# Best Books of 2020
Scraping 'Best Books' lists from The New York Times. Using a JSON file from NPR for the same. Looking for 'peer-reviewed' verification via an intersection of lists from organizations that I trust.

## Importing Libraries and Data

In [13]:
import gzip 
import io
import requests
from bs4 import BeautifulSoup
import wget
import json
from pprint import pprint
 
import warnings

### NPR's Best Books of 2020 list
Data was found to be nicely-formatted via the front-end API which loaded (what appeared to be) a JSON file, after having inspected the page. 

In [6]:
# NPR's Best Books of 2020 List
wget.download('https://apps.npr.org/best-books/2020.json', 'npr.json')

'npr.json'

It turns out that this JSON was a GZIP file (despite not having a .gz file extension):

In [35]:
with gzip.open('npr.json', 'r') as gzip_file:
    npr_file = gzip_file.read()

npr = json.loads(npr_file)

In [37]:
npr[0]

{'title': "Dancing Man: A Broadway Choreographer's Journey",
 'author': 'Bob Avian with Tom Santopietro',
 'dimensions': {'width': 397, 'height': 595},
 'cover': '9781496825889',
 'tags': ['staff picks',
  'nonfiction',
  'biography & memoir',
  'for music lovers',
  'no biz like show biz'],
 'id': 1}

In [40]:
npr_books = []
for item in npr:
    book_name = item['title'.strip()]
    book_name = book_name.replace('\xa0','')
    npr_books.append(book_name)
    
print('There are', len(npr_books), 'recommended books by NPR:', npr_books)
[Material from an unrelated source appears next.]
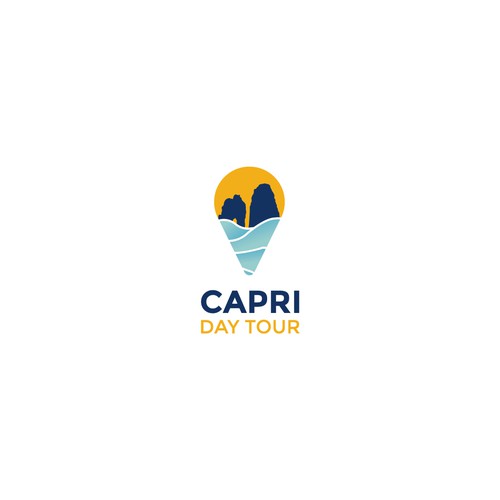 Location logo with the title 'Capri Day Tour Logo'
There are 383 recommended books by NPR: ["Dancing Man: A Broadway Choreographer's Journey", 'American Oligarchs: The Kushners, The Trumps, And The Marriage Of Money And Power', 'A Castle In The Clouds', 'Wagnerism: Art And Politics In The Shadow Of Music', "The Jakarta Method: Washington's Anticommunist Crusade And The Mass Murder Program That Shaped Our World", 'Luster: A Novel', 'Caste: The Origins Of Our Discontents', "A Children's Bible: A Novel", 'All Because You Matter', 'Black Heroes Of The Wild West', 'Echo Mountain', 'Everybody Counts: A Counting Story From 0 To 7.5 Billion', 'Go With The Flow', 'The Lights And Types Of Ships At Night', 'The Most Beautiful Thing', 'The Talk: Conversations About Race, Love & Truth', 'Twins', 'Wink', 'A Game Of Fox & Squirrels', 'Mad, Bad & Dangerous To Know', 'The Invisible Life Of Addie LaRue', 'The Mermaid, The Witch, And The Sea', 'Burnt Sugar: A Novel', 'No Filter: The Inside Story Of Instagram', 'Race For Profit: How Banks And The Real Est

### The New York Times 100 Notable Books of 2020
There was no API here, so I had to scrape.

In [42]:
# NYT 100 Notable Books of 2020
NYT = 'https://www.nytimes.com/interactive/2020/books/notable-books.html'
NYT_list = requests.get(NYT)
NYT_soup = BeautifulSoup(NYT_list.content, 'html.parser')
NYT_soup_1 = NYT_soup.body

In [48]:
NYT_books = []
book_title_list = NYT_soup_1.find_all('div', attrs={'class': 'g-book-title balance-text'})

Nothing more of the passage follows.